I sogni a occhi aperti sono utili per tante ragioni. Permettono di riflettere sulla nostra quotidianità e di compensare con la creatività certe insoddisfazioni e/o sbagli; aiutano a scaricare le tensioni emotive negative e a donarci un senso di liberazione; servono per rievocare i momenti belli della vita di cui spesso ci si dimentica, che vengono nel tempo sopiti a semplice sensazione.

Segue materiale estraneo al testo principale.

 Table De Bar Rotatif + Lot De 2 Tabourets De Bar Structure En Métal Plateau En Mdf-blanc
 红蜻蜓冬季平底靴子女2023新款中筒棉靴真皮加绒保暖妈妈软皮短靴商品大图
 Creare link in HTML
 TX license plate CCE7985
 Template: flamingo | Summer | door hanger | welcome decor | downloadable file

Non ultimo, più si sogna a occhi aperti più si ha la possibilità di valutare che direzione intraprendere nel futuro. Succede, per esempio, quando si sogna di fare un viaggio: da una parte c’è la manifestazione del desiderio di staccare con la routine ed esplorare il mondo, dall’altra si crea una sorta di simulazione precisa in cui si iniziano a pianificare i tempi, i percorsi, i bagagli da portarsi dietro... In questa struttura creata dal cervello c’è, perciò, un aspetto pragmatico importante e positivo. E questo succede in qualsiasi attività, dal lavoro all’organizzazione della famiglia, che è un continuo sogno a occhi aperti per strutturare le giornate dei figli e orientarle secondo i loro gusti e/o esigenze.
E l’impatto con la realtà com’è? Non c’è il pericolo di essere frustrati o paralizzati da scenari trascendentali?

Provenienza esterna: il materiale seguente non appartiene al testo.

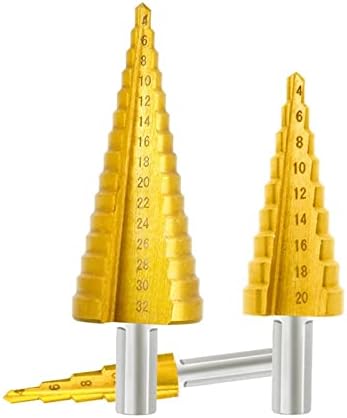 Вежби за чекори метрички спирален флејта, секач за дупки за облик на пагода 4-12/20/32мм челик конус за вежбање бит за чекори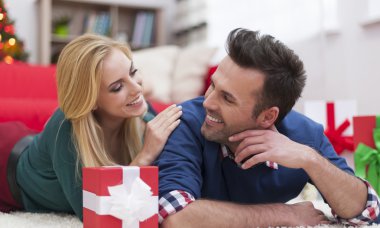 Couple on Christmas time with gifts clipart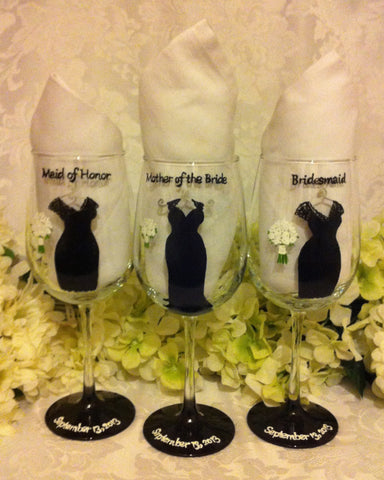 BRIDESMAID DRESS GLASSES 3 glasses
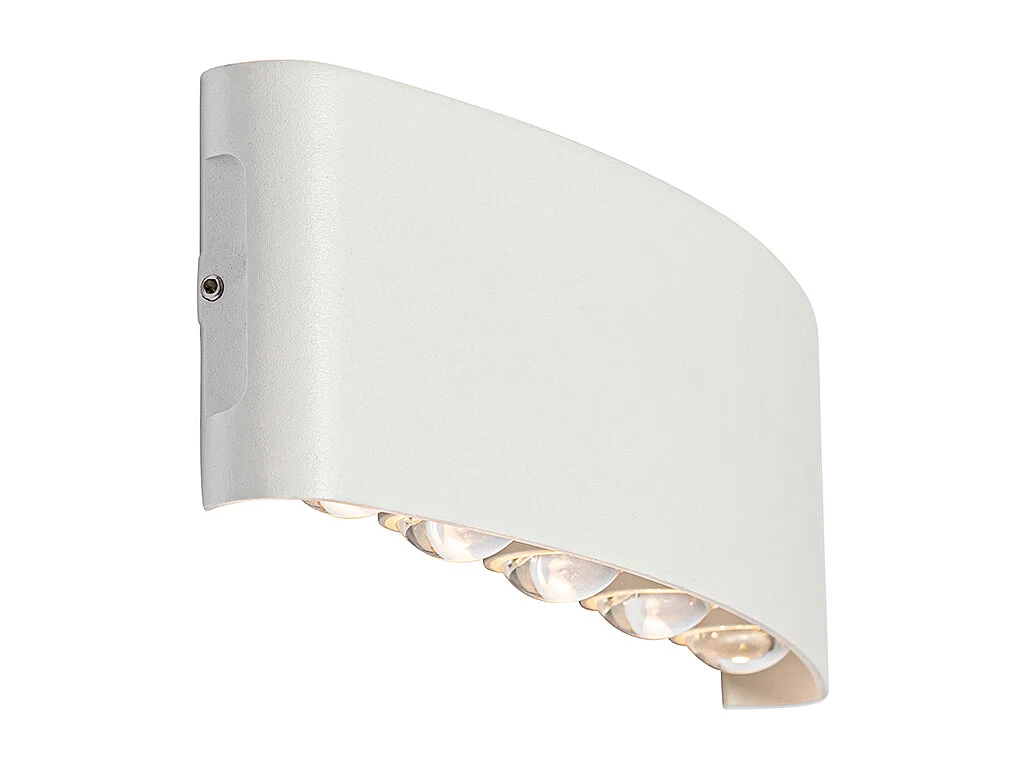 Applique d'extérieur blanche avec LED 10 lumières IP54 - Silly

Il confine tra sogno e realtà deve essere ben chiaro, le fantasie iniziano (e finiscono) nella mente e hanno senso solo per un motivo chiaro e circoscritto: è un modo di vivere completamente diverso dal reale e i due ambiti vanno lasciati ben distinti. Certo, ci sono dei travasi positivi dall’uno all’altro, ma si parla sempre di spunti non d’obblighi d'impresa. Da un sogno può emergere un’idea, lavorativa per esempio, o dalla realtà possono emergere dei suggerimenti che generano un sogno.
Dici che il sogno a occhi aperti è una sorta di volano per creare anche empatia con gli altri…
Questo collegamento si nota in quelle visioni legate alle interazioni sociali. Per riuscire, infatti, a sognare ambientazioni o situazioni in cui si parla, si comunica, si condivide con un altro, per forza si deve entrare empaticamente in contatto con quella persona, seppure nel virtuale. Quest’estensione non è fine a se stessa, ma uno stimolo a capire meglio un punto di vista diverso dal nostro, un carattere che ci può urtare o certe dinamiche di comportamento enigmatiche per noi. Dico che tutte queste scenette virtuali possono migliorare e allargare i rapporti interpersonali anche per un’altra ragione: sollecitano la curiosità, spingono ad andare oltre alle sensazioni immediate, magari d’antipatia, nei riguardi di questo o quello.
Ma nell’epoca della performance, come si colloca?
Il sogno vigile è trascurato, ed è uno spreco di risorse. La nostra società avrebbe più bisogno di porre attenzione alle ricchezze della mente, di cui le fantasie cercate sono un tassello importante. Perché è come farsi trascinare da una corrente impetuosa ma poco legata alla dinamicità della vita “devo alzarmi, fare questo o quello, raggiungere certi obiettivi, dimostrare di valere”. Tutti pungoli che, fuori dai denti, generano ansia, frustrazione, insoddisfazione perenne. Quando, invece, per attenuarli basterebbe fermarsi pochi minuti al giorno per giocare con la mente. Sia per rivalutarci come individui sia per capire che l’esistenza non è solo quello che vediamo intorno ma anche e soprattutto quell’io interno, purtroppo spesso nascosto e senza corpo. Dargli una molteplicità di forme, non è tanto una questione di intelligenza ma solo di consapevolezza di se stessi.